__YOUR OBJECTIVE__.
Give back, unaltered, the lines from the one with "Avatar de SaintPadrePio" to the end of the material, omitting pictures.

__DATA FOR PROCESSING__.

+---+

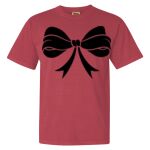 Garment-Dyed Heavyweight Comfort Colors® T-Shirt Thumbnail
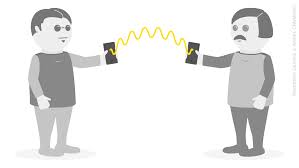 Following stated are the ways which will solve the purpose What Is Bitcoin Cnnmoney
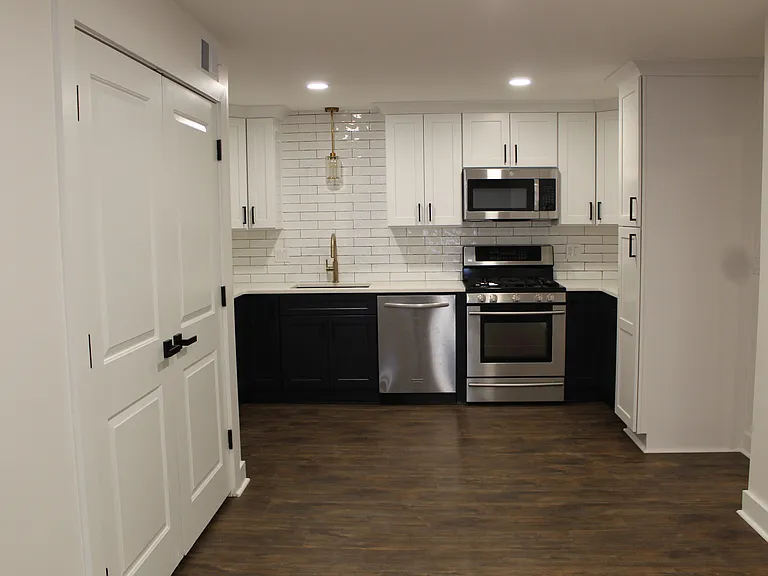 2321 Sims Dr NE — Photo 10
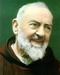 Avatar de SaintPadrePio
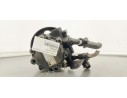 Recambio de bomba direccion para citroen c5 berlina 1.6 16v hdi fap referencia OEM IAM 9656405380  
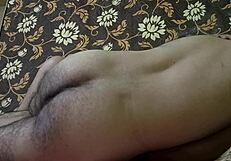 slim village bhabhi's secret affair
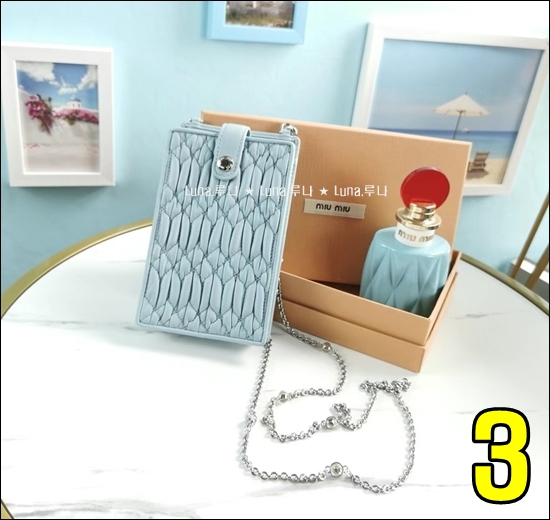 ba56d1ca749b6b8d0b84e7f41f117f62_1617705554_8591.jpg ba56d1ca749b6b8d0b84e7f41f117f62_1617705554_8591.jpg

+---+

__RESULT FOR THIS TASK__.
 Avatar de SaintPadrePio
 Recambio de bomba direccion para citroen c5 berlina 1.6 16v hdi fap referencia OEM IAM 9656405380  
 slim village bhabhi's secret affair
 ba56d1ca749b6b8d0b84e7f41f117f62_1617705554_8591.jpg ba56d1ca749b6b8d0b84e7f41f117f62_1617705554_8591.jpg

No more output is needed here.